Carbon tax in British Columbia

In de Canadese provincie British Columbia is sinds 1 juli 2008 een zogenoemd carbon tax van kracht. Deze belasting wordt geheven van alle eindverbruikers van fossiele brandstoffen, zowel huishoudens als bedrijven. De belasting geldt voor het verbruik van benzine, diesel, vliegtuigbenzine, LPG, aardgas en steenkool. De opbrengst van deze belasting bedraagt circa € 0,85 miljard en wordt teruggesluisd naar burgers en bedrijven door verlaging van de provinciale directe belastingen.

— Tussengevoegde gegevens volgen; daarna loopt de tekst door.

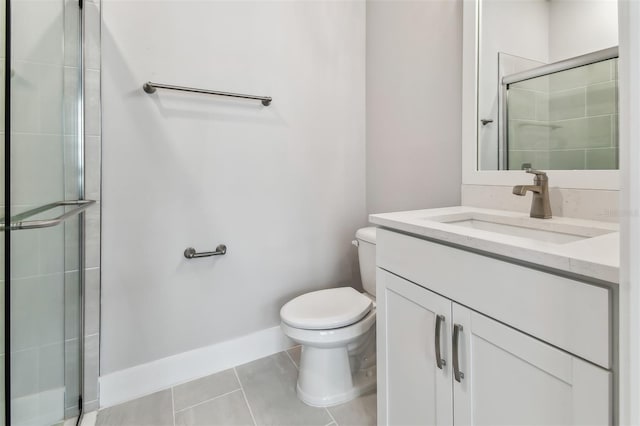 bathroom featuring tile patterned floors, vanity, toilet, and a shower with door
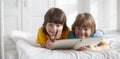 Portrait of a smiling cute brother reading a book lying and relax in bed in a bright white room Royalty Free Stock Photo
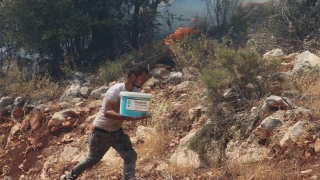 Antalya’da makilik alanda çıkan yangın kısmen kontrol altına alındı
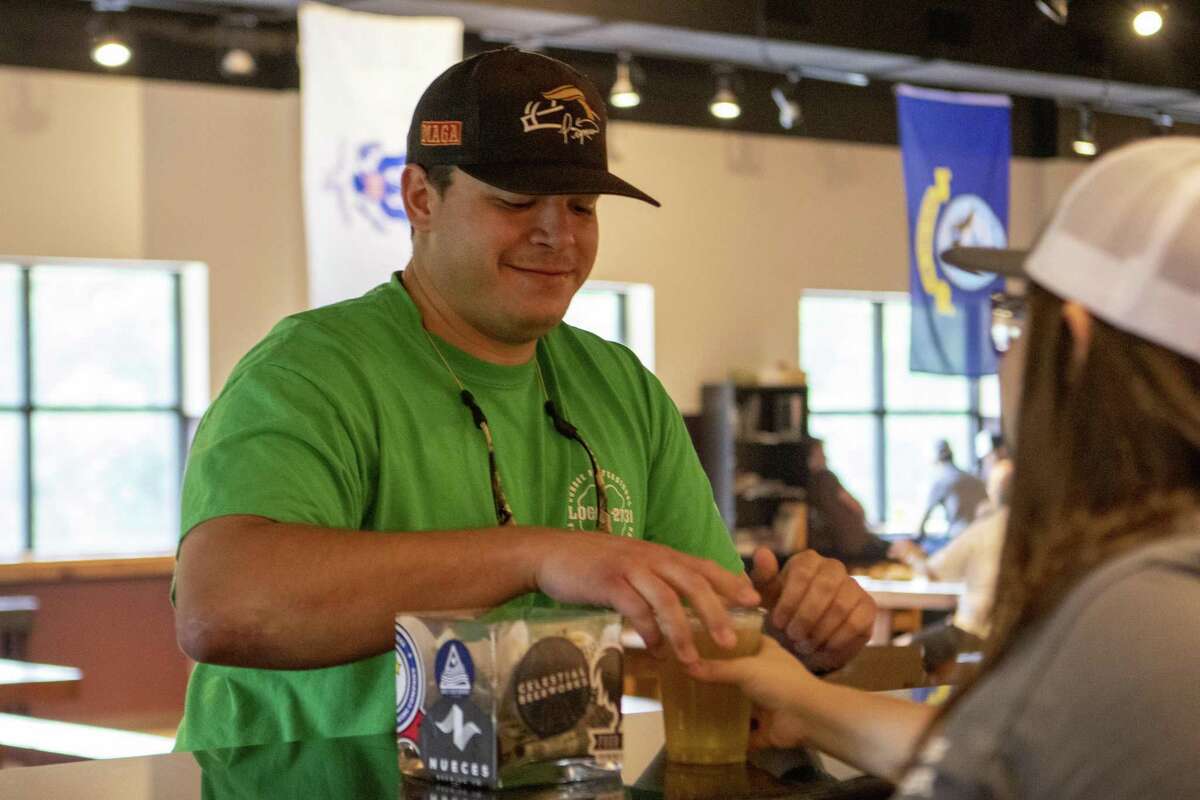 Stephen Kolb with the Conroe Fire Department picks up a glass of Local 2731 at the bar during a beer tasting Saturday, May 18, 2019 at Southern Star Brewing Company in Conroe.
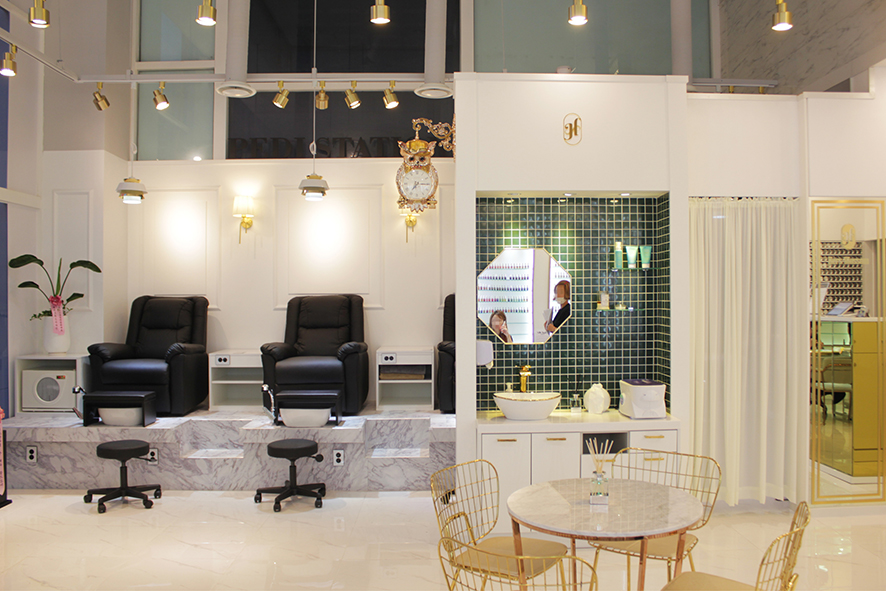 » White marble and gold frame Style Nail salon interior by MAKEWITH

De huidige carbon tax bedraagt sinds 2012 circa € 21 per ton CO2 (CAD 30 per ton) en zal in de periode 2013–2017 niet verder worden verhoogd. Per energiedrager vertaalt de carbon tax zich in de volgende belastingtarieven, omgerekend in euro:

 

Eenheid

Belastingtarief

benzine

€cent/liter

4,67

diesel

€cent/liter

5,37

vliegtuigbenzine

€cent/liter

5,48

LPG

€cent/liter

3,23

aardgas

€cent/m3

3,99

steenkool

€/1.000 kg

43,62

Industriële procesemissies zijn vrijgesteld van de belasting. Voor de sector landbouw geldt een vrijstelling voor de zogenoemde gekleurde benzine en diesel die wordt ingezet voor specifieke bedrijfsmiddelen (te vergelijken met de voormalige rode diesel in Nederland). Uit onderzoek door het Canadese onderzoeksbureau Pembina Institute blijkt dat de belasting zou leiden tot een jaarlijkse reductie van 2,1 Mton CO2.1 Ook blijkt uit dit onderzoek dat er geen substantiële nadelen optreden voor de economie, mede doordat de opbrengsten worden ingezet voor belastingverlaging in de sfeer van de inkomsten- en winstbelasting.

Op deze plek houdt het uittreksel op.